Instructions to follow → Would you print the lines below exactly, beginning at the line that has "ensure you have" and stopping after the line that has "The dilating balloon"? Only those lines, and no pictures.

(Information given Opens)

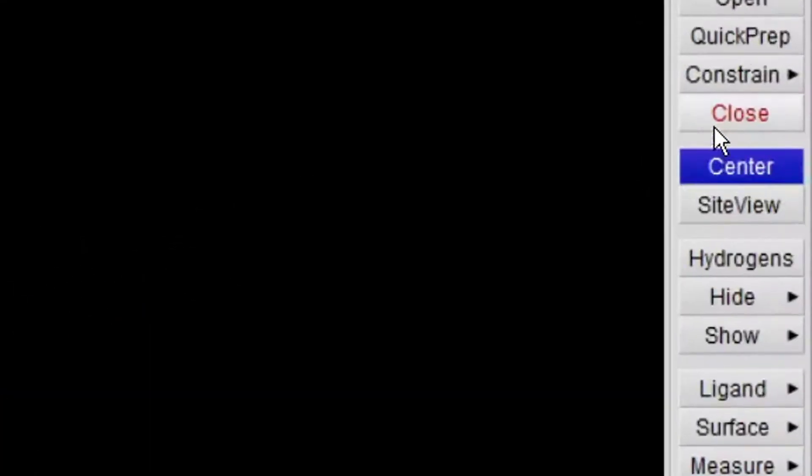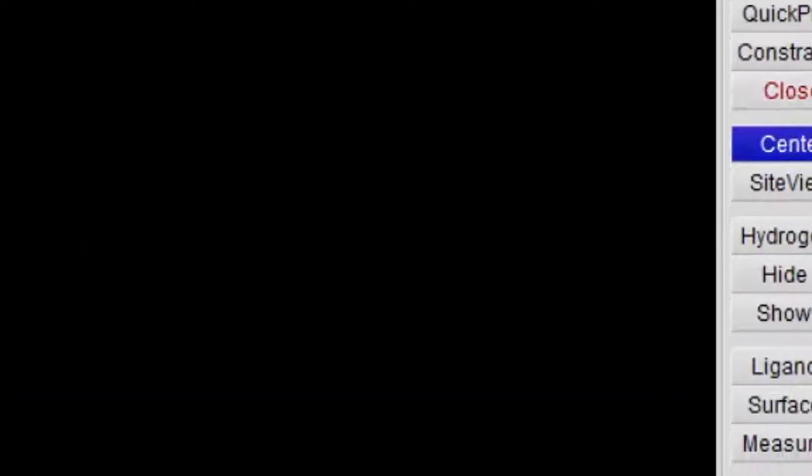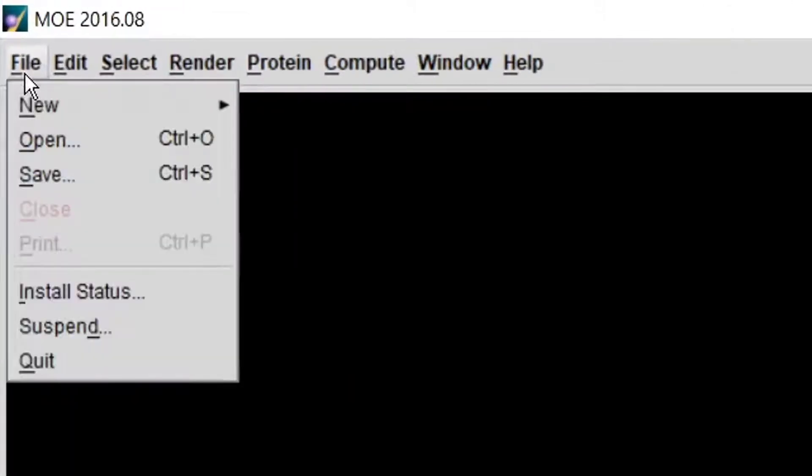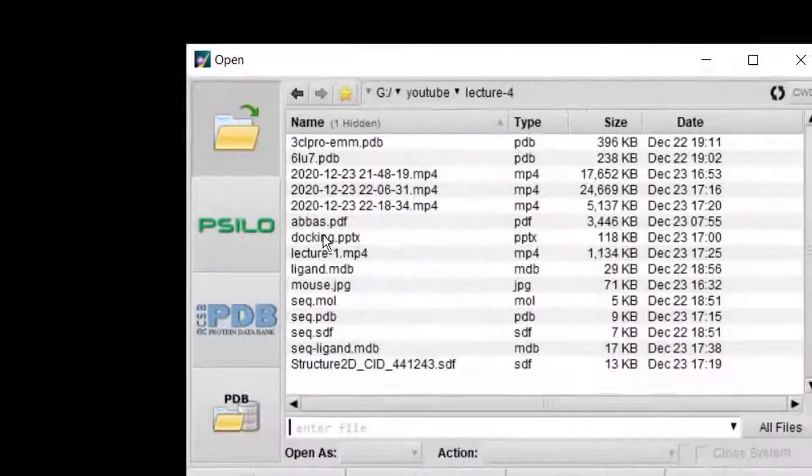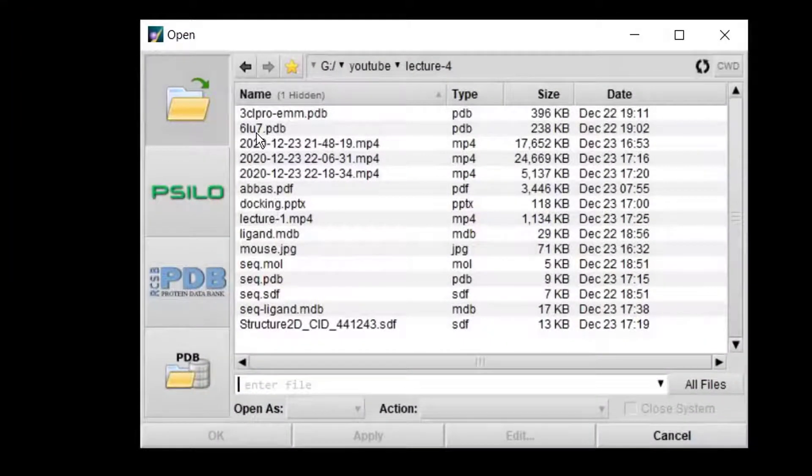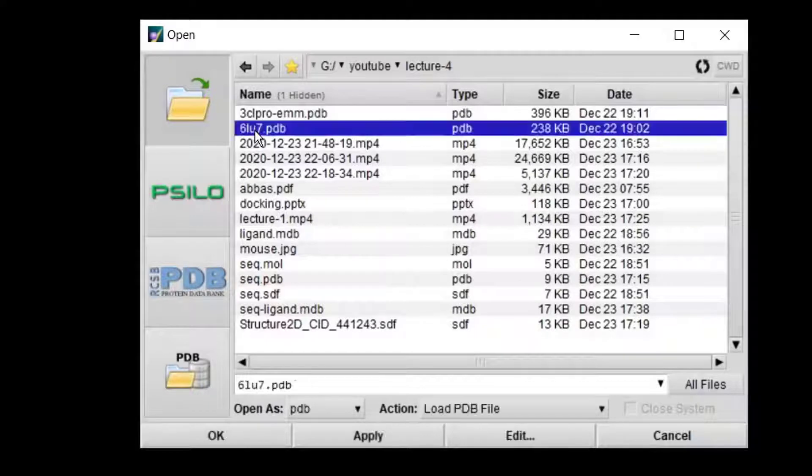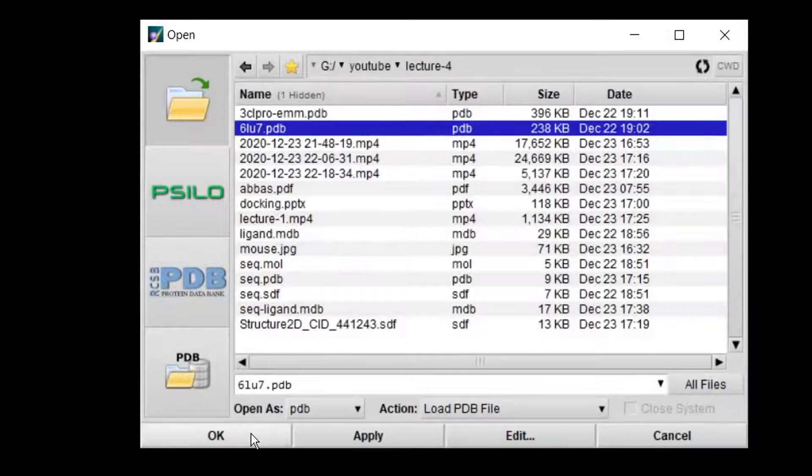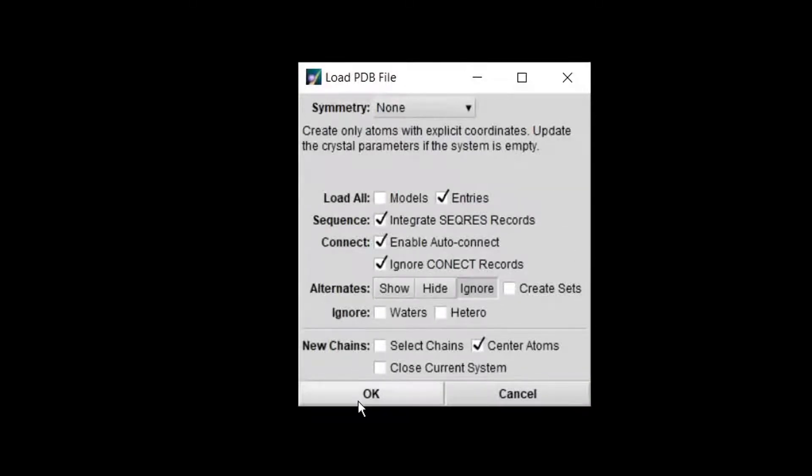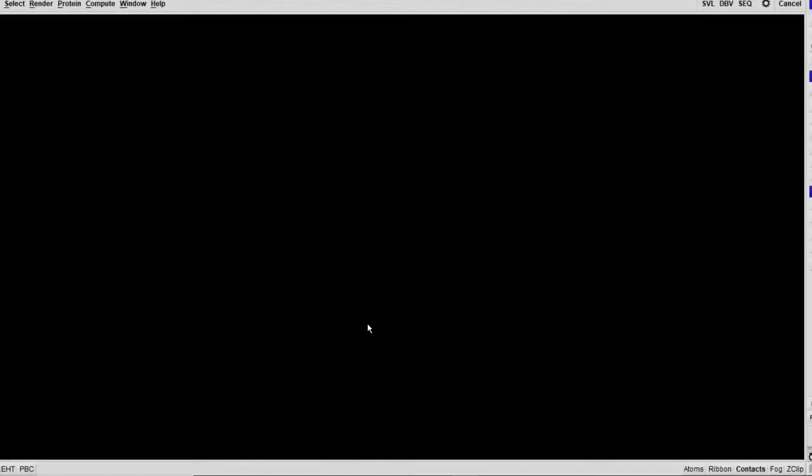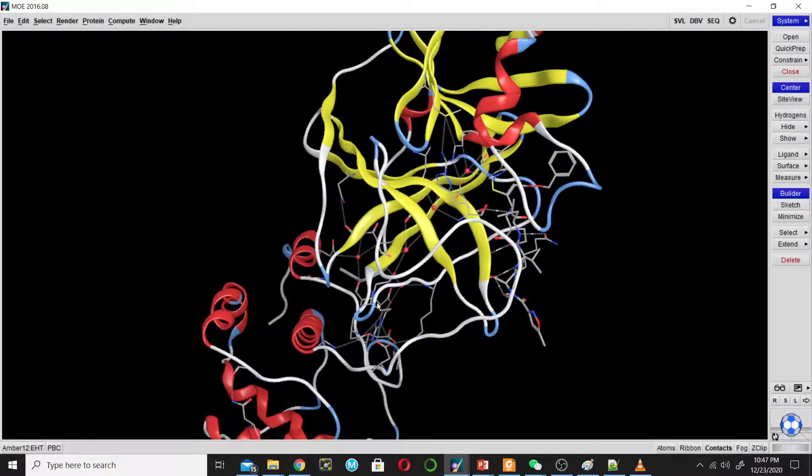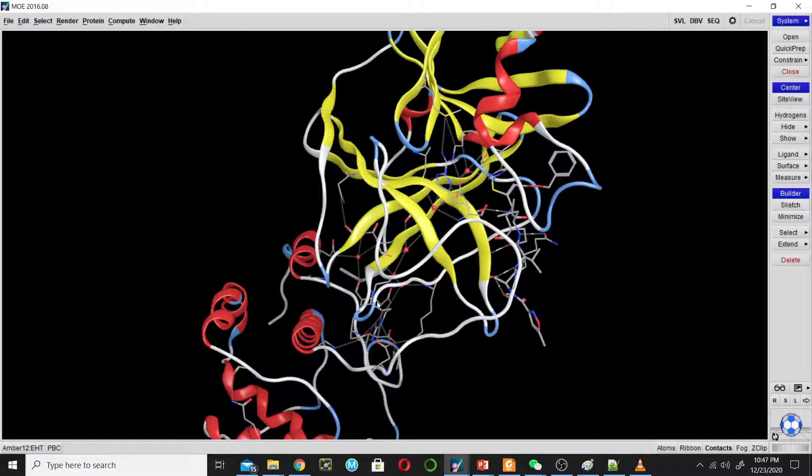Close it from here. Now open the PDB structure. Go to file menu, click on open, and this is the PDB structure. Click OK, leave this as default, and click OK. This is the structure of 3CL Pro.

(Information given Closes)
(Information given Opens)

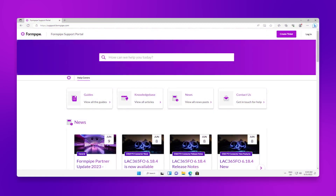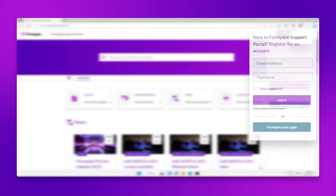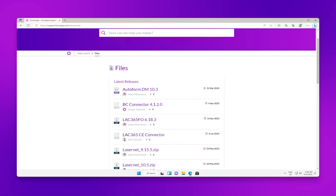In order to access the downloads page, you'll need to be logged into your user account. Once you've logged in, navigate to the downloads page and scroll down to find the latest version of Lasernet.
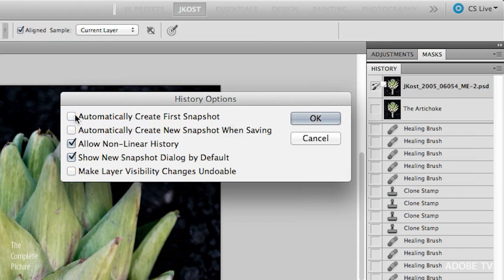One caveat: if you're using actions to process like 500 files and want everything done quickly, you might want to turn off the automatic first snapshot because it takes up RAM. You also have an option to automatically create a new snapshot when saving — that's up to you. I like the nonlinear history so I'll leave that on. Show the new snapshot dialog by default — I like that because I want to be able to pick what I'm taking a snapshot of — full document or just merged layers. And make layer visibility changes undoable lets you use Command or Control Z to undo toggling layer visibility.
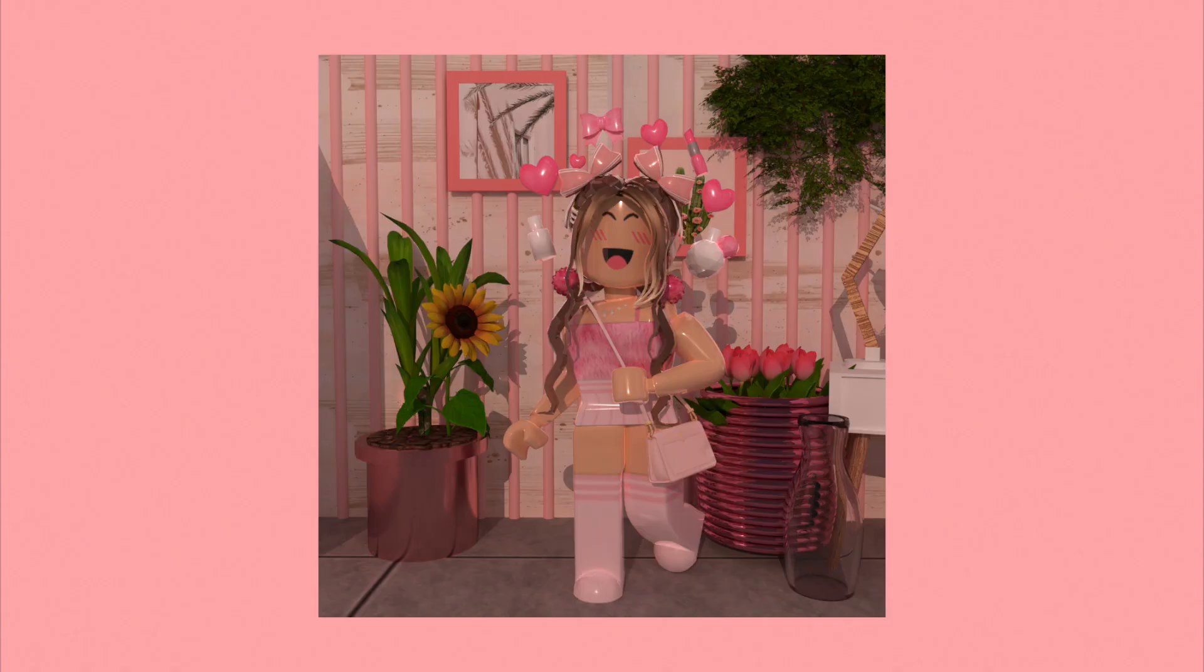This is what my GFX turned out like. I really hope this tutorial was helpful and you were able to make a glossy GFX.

(Information given Closes)
(Information given Opens)

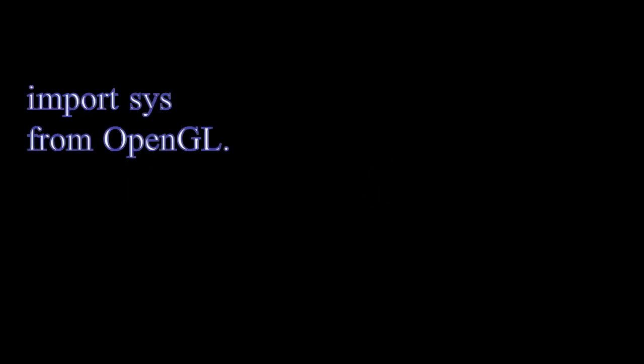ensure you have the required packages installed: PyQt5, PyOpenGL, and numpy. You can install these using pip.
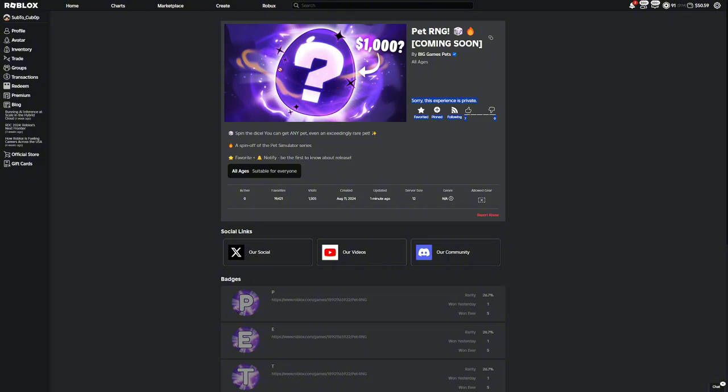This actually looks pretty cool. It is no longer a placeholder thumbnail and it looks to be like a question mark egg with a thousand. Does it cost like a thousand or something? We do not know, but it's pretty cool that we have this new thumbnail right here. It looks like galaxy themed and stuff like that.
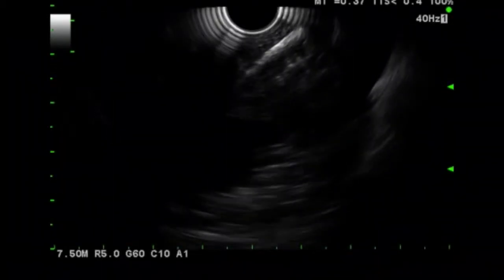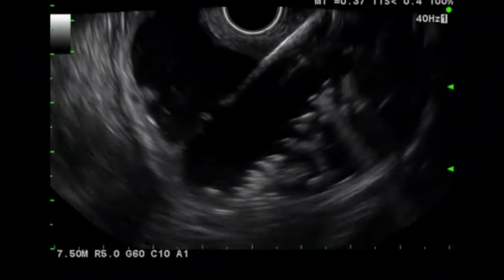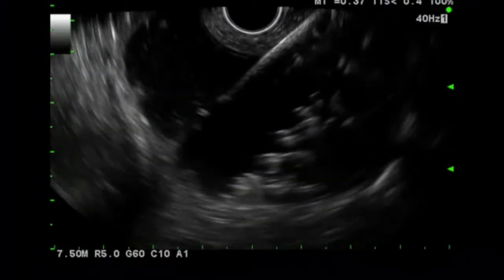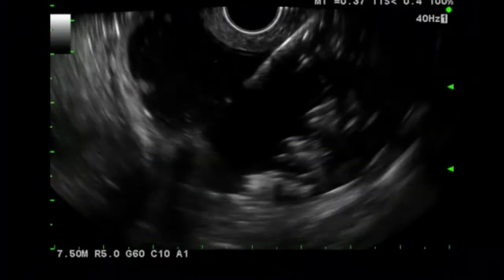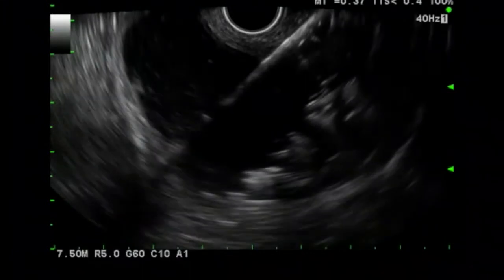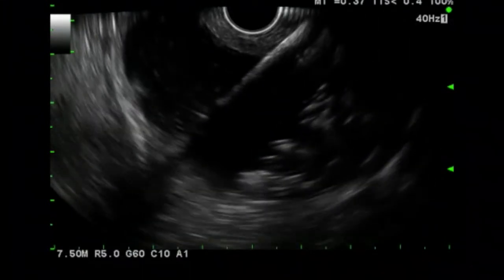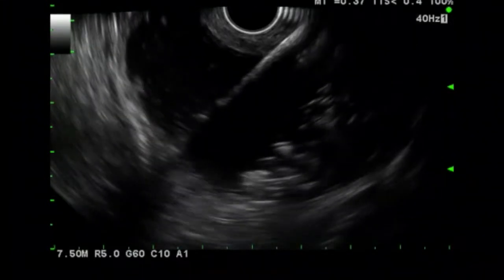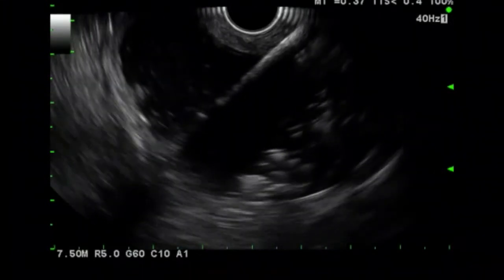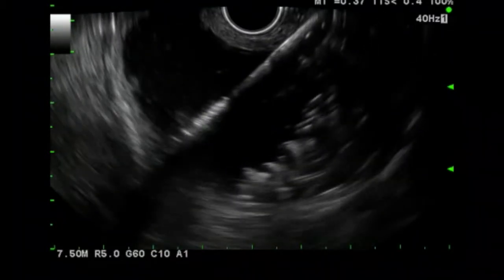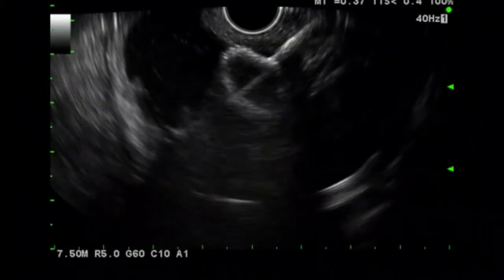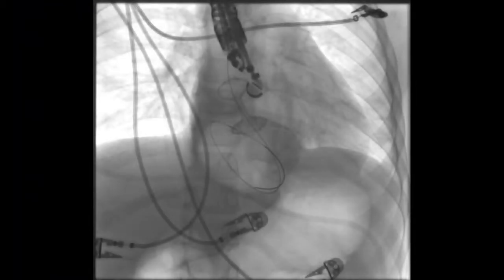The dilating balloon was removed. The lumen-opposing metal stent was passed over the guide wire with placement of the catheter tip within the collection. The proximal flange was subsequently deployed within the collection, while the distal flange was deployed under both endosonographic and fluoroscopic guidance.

(Information given Closes)

Task response →
ensure you have the required packages installed: PyQt5, PyOpenGL, and numpy. You can install these using pip.
This actually looks pretty cool. It is no longer a placeholder thumbnail and it looks to be like a question mark egg with a thousand. Does it cost like a thousand or something? We do not know, but it's pretty cool that we have this new thumbnail right here. It looks like galaxy themed and stuff like that.
The dilating balloon was removed. The lumen-opposing metal stent was passed over the guide wire with placement of the catheter tip within the collection. The proximal flange was subsequently deployed within the collection, while the distal flange was deployed under both endosonographic and fluoroscopic guidance.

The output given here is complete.